The logger stores experimental data in a single SQLite database. It is intended to be fast and lightweight, but record all necessary meta data and timestamps for experimental trials.

As a consequence, SQLiteBrowser can be used to browse the log results without having to do any coding.

Most of the entries are stored as JSON strings in the database tables; any object that can be serialised by Python's json module can be added directly.

Timestamps (including synchronising to NTP) are handled automatically. All times are stored as 64-bit floating point seconds since the epoch. The logger can be used across multiple processes using a simple 0MQ proxy which queues messages and passes them to the log database. Tools to extract the data as Pandas DataFrames and to auto-generate basic reports are provided.

Structure

  • Log ExperimentLog has a single master log which records all logged data as JSON (with a timestamp) in a single series. The log is annotated with different streams that represent distinct sensors or inputs.

  • Session The log is indexed by sessions, where a session is a logical part of an experiment (a whole experiment, a condition, a repetition, etc.).

  • Metadata JSON Metadata about any log stream, session, run, user and the whole dataset can be recorded in the database, so there is a single, consistent record of everything to do with the experimental trials.

Binding

ExperimentLog uses the idea of binding metadata to sessions. So if you have a user who is doing an experiment, you can create a metadata entry for that user, and then bind it to the sessions that involve that user.

Session structures are hierarchical, and bindings apply to sessions and all of their children; so if a user is bound to an experiment, they are also bound to all the conditions, sub-conditions, repetitions, etc.

Runs

  • Run ExperimentLog also tracks runs of the experimental software. A run exists from the start of the experimental software until the process exits. Each session can be part of a single run, or a session can be spread over many runs (e.g. if only part of the data is collected at one time).

Debug logging

The logger also provides a custom logging handler for the standard Python logging module (via the get_logger() method), so that any debug messages can be stored in the DB and cross-referenced against experimental runs.

Simplest possible example

ExperimentLog allows the addition of metadata and structure, but doesn't mandate it. The simplest example would be something like:

from experimentlog import ExperimentLog
# log some JSON data
e = ExperimentLog(":memory:", ntp_sync=False)
e.log("mouse", data={"x":0, "y":0})
e.log("mouse", data={"x":0, "y":1})
e.log("mouse", data={"x":0, "y":2})
e.close()

Using paths

A filesystem-like structure is provided to make it easy to separate data:

e = ExperimentLog(":memory:", ntp_sync=False)
e.cd("/Experiment/Condition1")
e.log("mouse", data={"x":0, "y":0})
e.log("mouse", data={"x":0, "y":1})
e.log("mouse", data={"x":0, "y":2})
e.cd("/Experiment/Condition2")
e.log("mouse", data={"x":0, "y":0})
e.log("mouse", data={"x":0, "y":1})
e.log("mouse", data={"x":0, "y":2})
e.close()

A more complex example

from experimentlog import ExperimentLog, np_to_str, str_to_np
import numpy as np
## open a connection to a database; will be created if it does not exist.
# here we use a memory database so the results are not stored to disk
e = ExperimentLog(":memory:", ntp_sync=False)

Setting up the database

When a log is set up for the first time, the database needs to be configured for the experimental sessions.
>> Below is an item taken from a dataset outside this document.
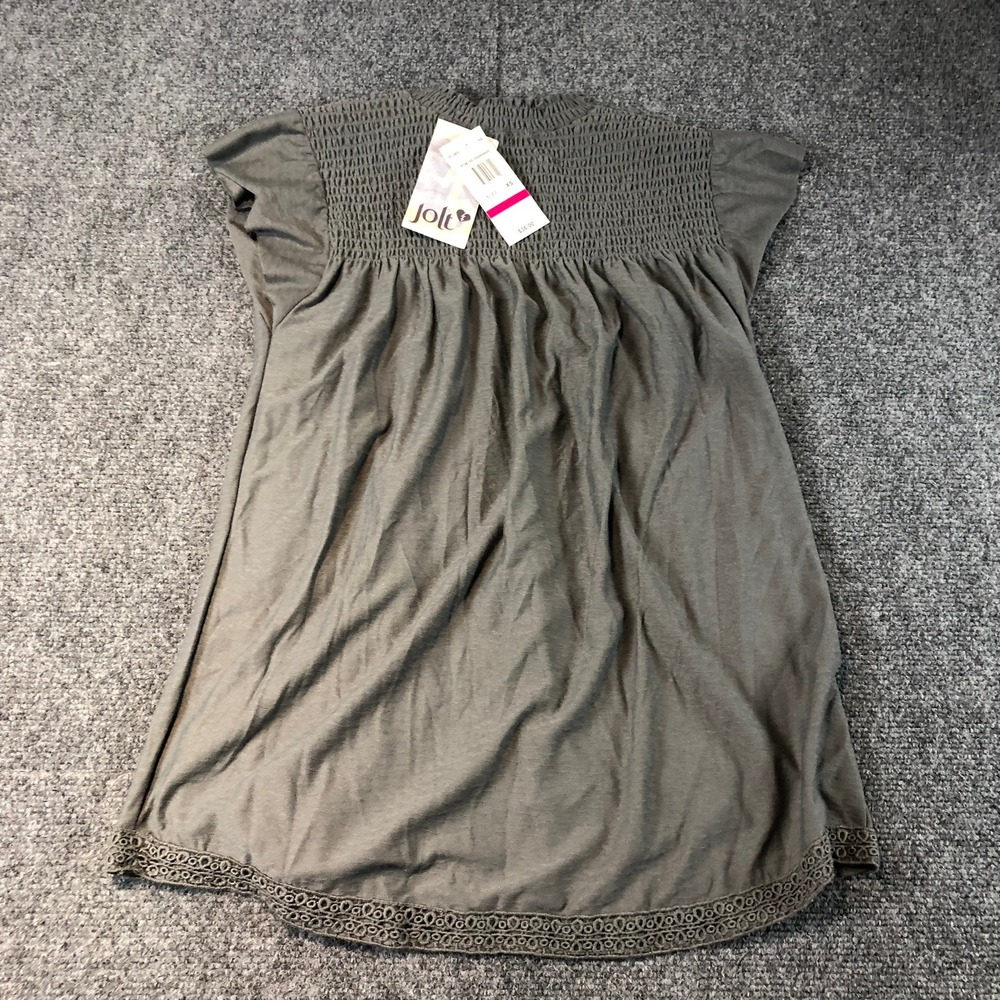 Jolt Women's XS Smocked Bodice Knit Dress Spice Gray Casual‎ Everyday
Each sensor/information stream can be registered with the database. This could be individual sensors like a mouse (x,y) time series, or questionnaire results.
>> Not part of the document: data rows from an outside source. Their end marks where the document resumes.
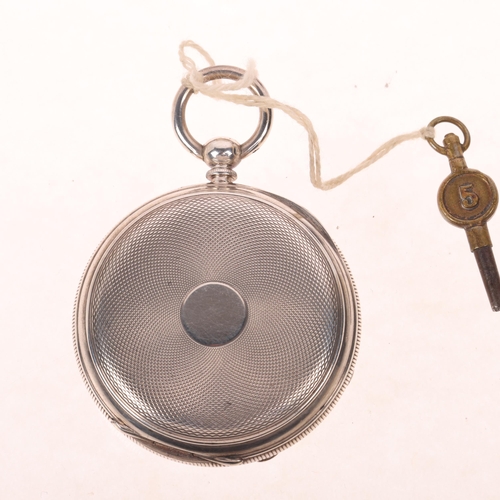 1105 - An Antique Swiss silver open-face key-wind pocket watch, retailed by Fehrenbach Brothers of Chatham,... 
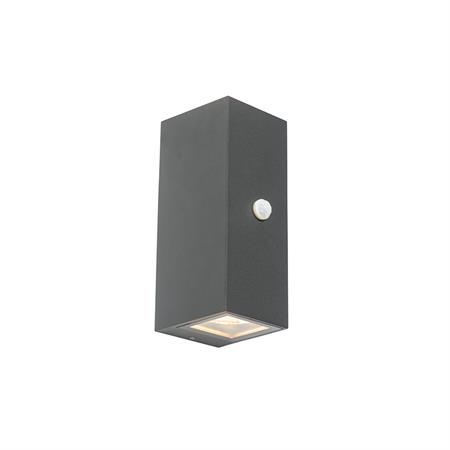Lampe à détecteur extérieur en aluminium gris foncé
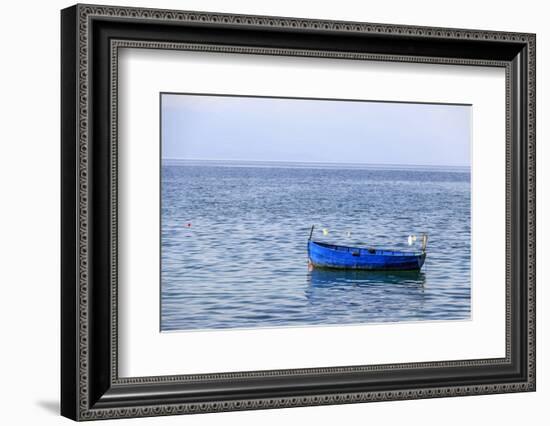 Macedonia, Ohrid and Lake Ohrid. Blue Fishing Boat-Emily Wilson-Framed Photographic Print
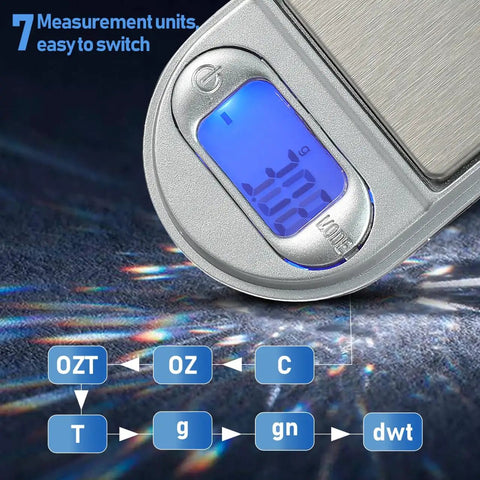 Best Lil Pocket Digital Jewelry Scale Mini Gram Scale For Jewelry And Small Items with LCD backlit display showing unit options.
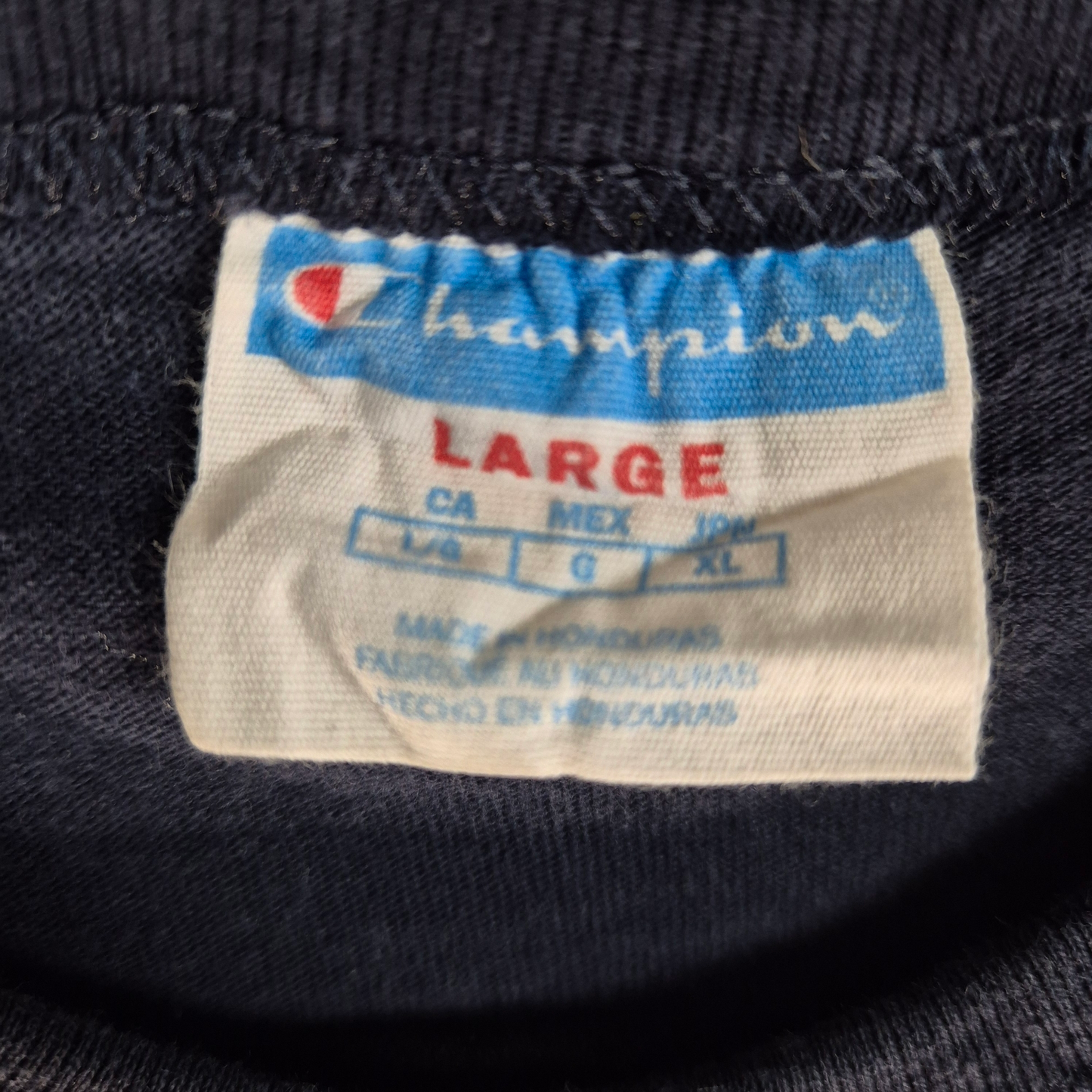 Vintage Champion 2000's Dark Blue Embroidered Cotton Tee Shirt Size L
    # check if we've already set everything up
    # note we use the special .meta field to access persistent metadata
    if e.meta.stage=="init":
        e.create("STREAM", name="mouse", description="A time series of x,y cursor positions",
                       # the data is optional, and can contain anything you want 
                      data={
                        "sample_rate": 60,
                        "dpi": 3000,
                        "mouse_device":"Logitech MX600"})
        
        # and a post-condition questionnaire
        e.create("STREAM", name="satisfaction", 
                       description="A simple satisfaction score",
                       # here, we store the questions used for future reference
                      data={
                        "questions":["How satisfied were you with your performance?",
                                    "How satisfied were you with the interface?"]}
                        )

Sessions

ExperimentLog uses the concept of sessions to manage experimental data. Sessions are much like folders in a filesystem and usually form a hierarchy, for example:

/
    Experiment1/
        ConditionA/
            0/
            1/
            2/
        ConditionB/
            0/
            1/
            2/
            
    Experiment 2
        ConditionA/
            0/
            1/
            2/
            3/
        ConditionC/
            0/
            1/
            2/
            3/

Each session can have metadata attached to it; for example giving the parameters for a given condition.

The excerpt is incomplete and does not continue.